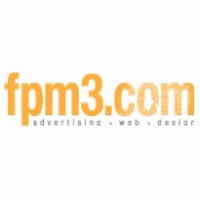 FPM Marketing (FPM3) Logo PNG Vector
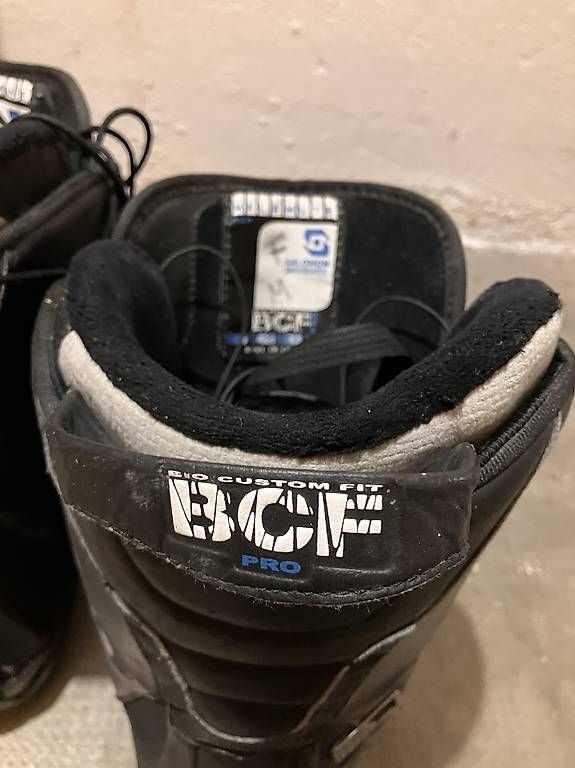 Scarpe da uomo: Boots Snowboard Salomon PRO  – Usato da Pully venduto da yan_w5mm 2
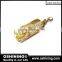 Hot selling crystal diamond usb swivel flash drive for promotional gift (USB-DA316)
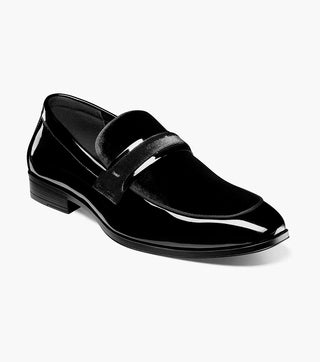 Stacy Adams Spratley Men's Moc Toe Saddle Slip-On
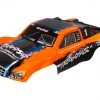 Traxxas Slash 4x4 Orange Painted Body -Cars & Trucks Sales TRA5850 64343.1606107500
○ ○ ○
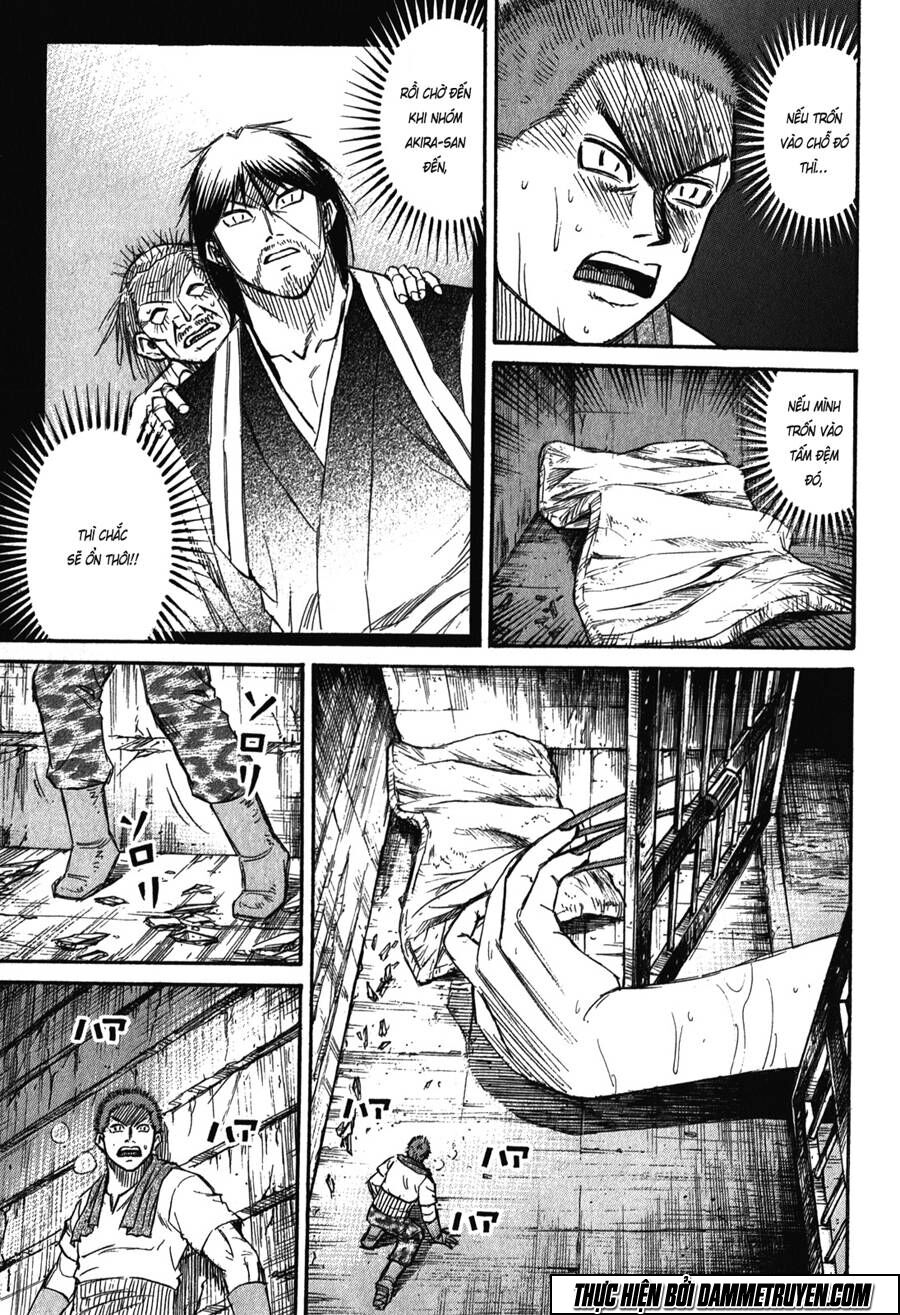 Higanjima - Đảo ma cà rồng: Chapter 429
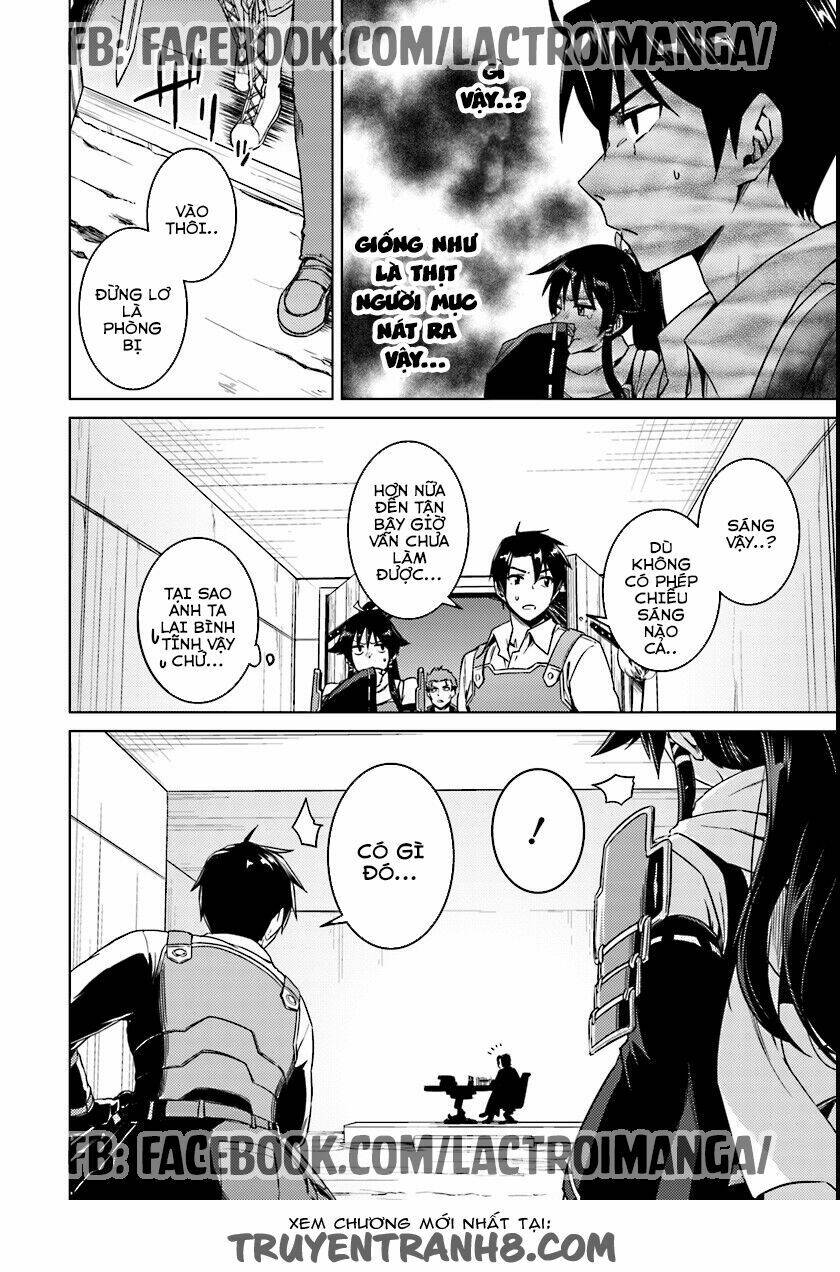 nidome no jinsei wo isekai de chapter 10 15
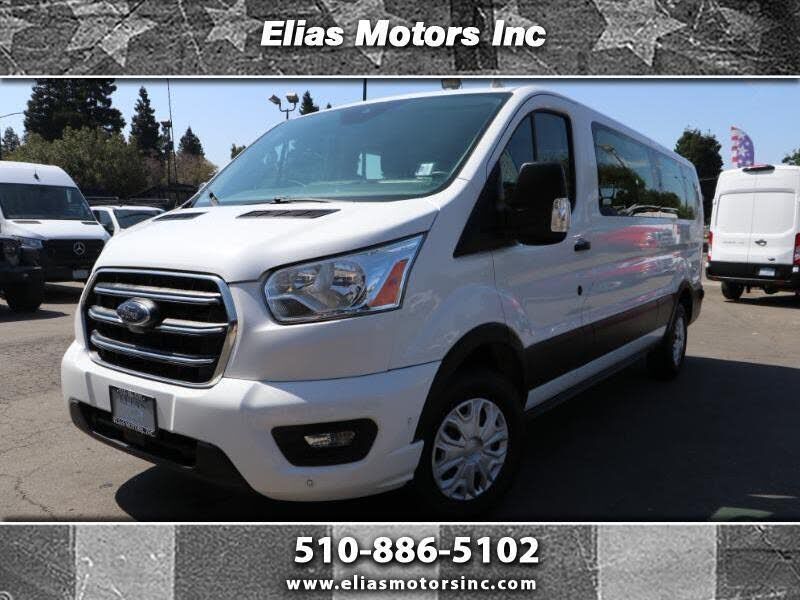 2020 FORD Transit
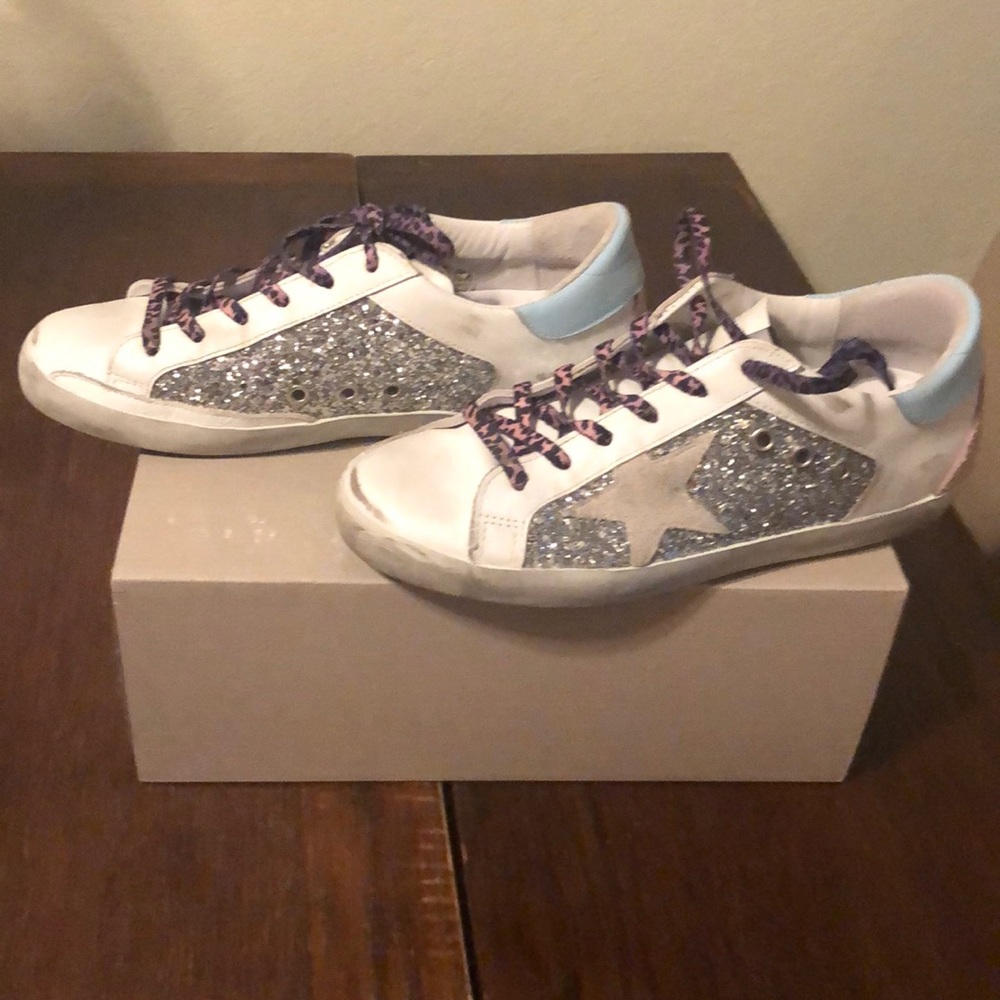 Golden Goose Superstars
○ ○ ○
● ABOUT THIS TASK:
Working from the data above, repeat exactly, and only, the lines that begin at the line containing "FPM Marketing (FPM3) Logo PNG Vector" and stop after the line containing "Stacy Adams Spratley"; pictures are not copied.

● THE COMPLETED TASK:
 FPM Marketing (FPM3) Logo PNG Vector
 Scarpe da uomo: Boots Snowboard Salomon PRO  – Usato da Pully venduto da yan_w5mm 2
 Hot selling crystal diamond usb swivel flash drive for promotional gift (USB-DA316)
 Stacy Adams Spratley Men's Moc Toe Saddle Slip-On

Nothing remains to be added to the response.